* _What to work on_: Give back exactly the line containing "Fishing Rod Holder" and all that follow it in the data below, with the pictures left out.

* _Input data_:
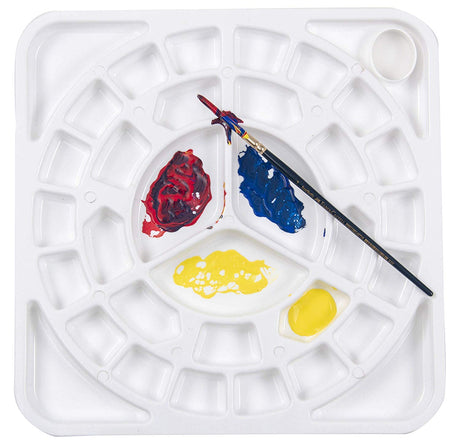 Isomars Colour Palette - Colour Mixing Dish for Artists (Square (CM17) - Isomars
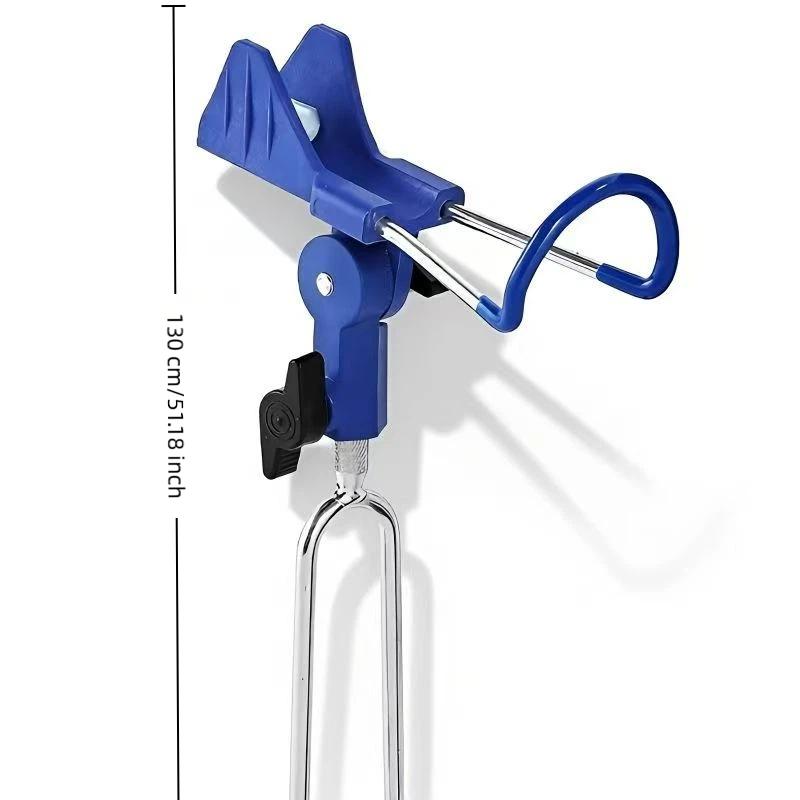 Fishing Rod Holder 360° Adjustable Foldable Stand with Ground Spike 1 Set for Fishing Gifts Angler Accessories
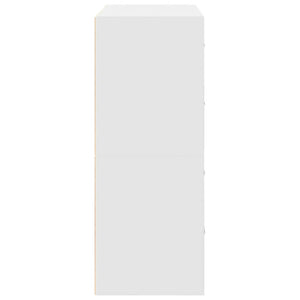 Armoires avec 2 tiroirs 2pcs blanc 60x31x40cm bois d'ingénierie
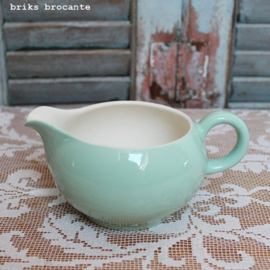 melkkannetje P. Regout - pastelgroen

* _Worked solution_:
 Fishing Rod Holder 360° Adjustable Foldable Stand with Ground Spike 1 Set for Fishing Gifts Angler Accessories
 Armoires avec 2 tiroirs 2pcs blanc 60x31x40cm bois d'ingénierie
 melkkannetje P. Regout - pastelgroen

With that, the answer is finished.